Due to the above principle, in order to increase the detection sensitivity of the sandwich method, the amount of antibody bound to the solid phase and the antibody binding strength must be
It will have a big impact.

Conventionally, polystyrene, glass, acrylny-1-lyl-butadiene-styrene copolymer resin (abbreviated as ABS), and the like have often been used as materials for the solid phase.
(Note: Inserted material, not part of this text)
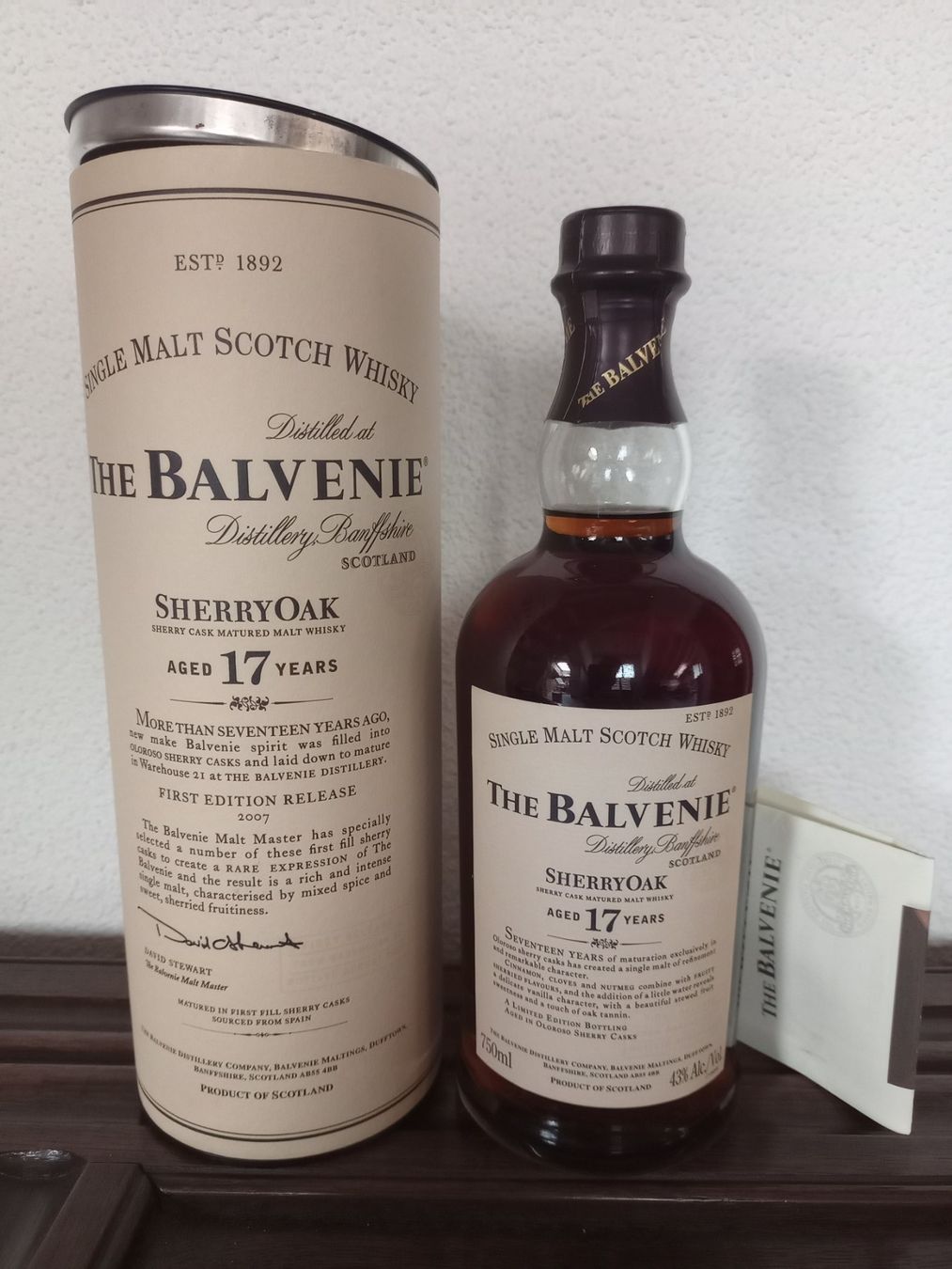 Balvenie Bevande alcoliche: Balvenie Sherry Oak 17 Years – Nuovo e nell'imballaggio originale da Spiez venduto da egonolsen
Most of the methods for binding antibodies to these solid phases involve physical adsorption. However, this method has problems such as a small amount of antibody bound to the solid phase, weak antibody binding strength of the solid phase, large variations in measured values, and large nonspecific adsorption.

Previously, in the patent application No. 60-45742 entitled "Method for preparing immunological assay reagents and reagents obtained thereby," the solid phase was treated with amino acids in order to solve the above problems. After that, it was treated with a bifunctional aldehyde and bound to an antibody, which has the effect of solving the above problems.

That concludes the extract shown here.